Il n’est pourtant pas si sûr que la réfutation, mêlant les données de statistiques sociales et une vague croyance au progrès, soit si juste. Elle néglige la différence entre la communication orale qui est celle du téléphone et la communication écrite d’internet, du moins dans ses usages par les sondeurs. La familiarité avec l’expression écrite est très différente selon les catégories sociales. Si on observe le taux d’équipement à internet, il a vite et beaucoup augmenté (de 65 % en 2003 à 95 % en 2011 pour les personnes qui disposent d’un ordinateur à domicile). Le « fossé numérique » qui désigne les inégalités sociales d’équipement semble connu à première vue. Ainsi en va-t-il de l’âge, les plus jeunes étant presque totalement équipés et les plus âgés les plus faiblement équipés. Ecart provisoire par principe. Il n’en va pas de même si on considère la deuxième variable d’inégalité qu’est le niveau de revenu, les ménages aux revenus supérieurs étant fortement équipés et les ménages ayant un revenu modeste étant faiblement équipés. Cet écart prolonge celui du taux d’équipement informatique à domicile. Pour ceux qui en ont un.
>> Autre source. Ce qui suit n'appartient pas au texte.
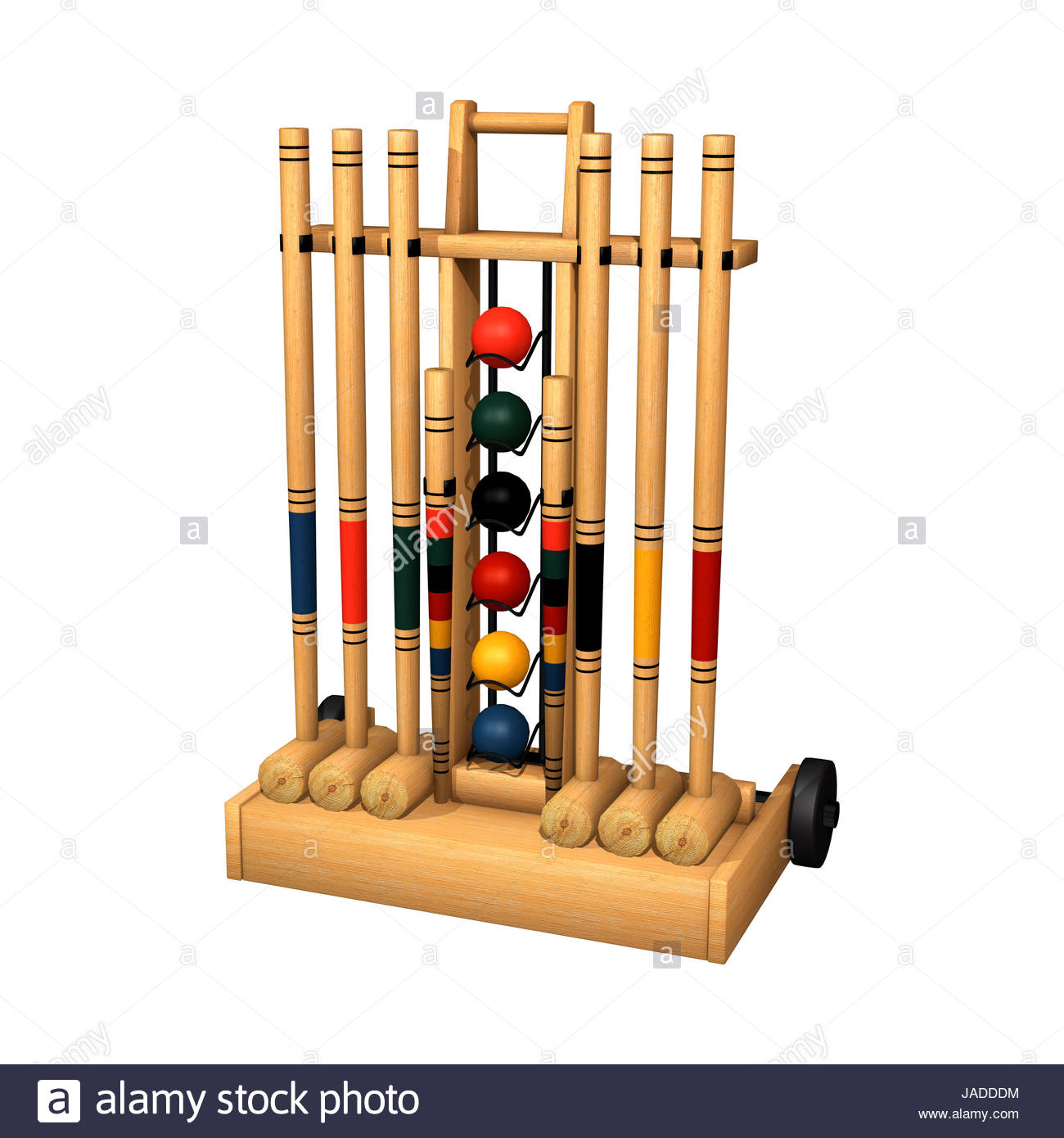 3d Digital Render Of A Croquet Stand Isolated On White Background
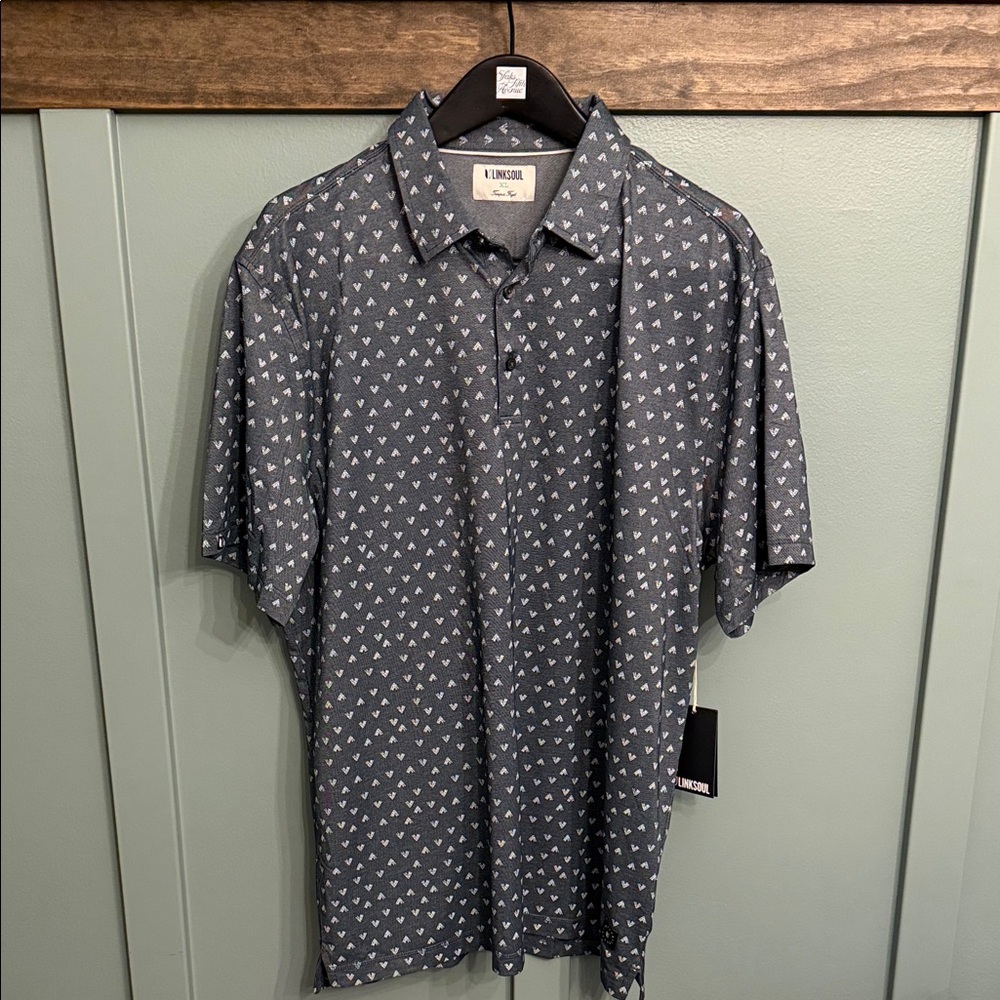 Linksoul Men's Gray Golf Shirt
Même si l’évolution est minime, elle est symbolique : le taux d’équipement recule de 1 point pour les personnes vivant dans un foyer de moins de 900 euros de revenu par mois. En situation de crise économique et de paupérisation, la progression du taux d’équipement n’est nullement générale. Au contraire, les inégalités sociales croissent.
Bien plus qu’un débat technique pour savoir comment on pourrait améliorer le rendement des enquêtes par téléphone ou en ligne, ainsi que les sondeurs le demandent parfois à leurs critiques, cette situation attire l’attention sur un mécanisme censitaire qui, sans être nouveau, est accentué par les sondages en ligne : les pauvres en sont largement exclus. On connaît bien ce cens dans le vote. Dans les sondages, c’est une limite à la représentativité des échantillons qui ne semble guère déranger si on en juge par le silence. Et comme dans le vote, on peut parfaitement se passer de ceux qui se taisent.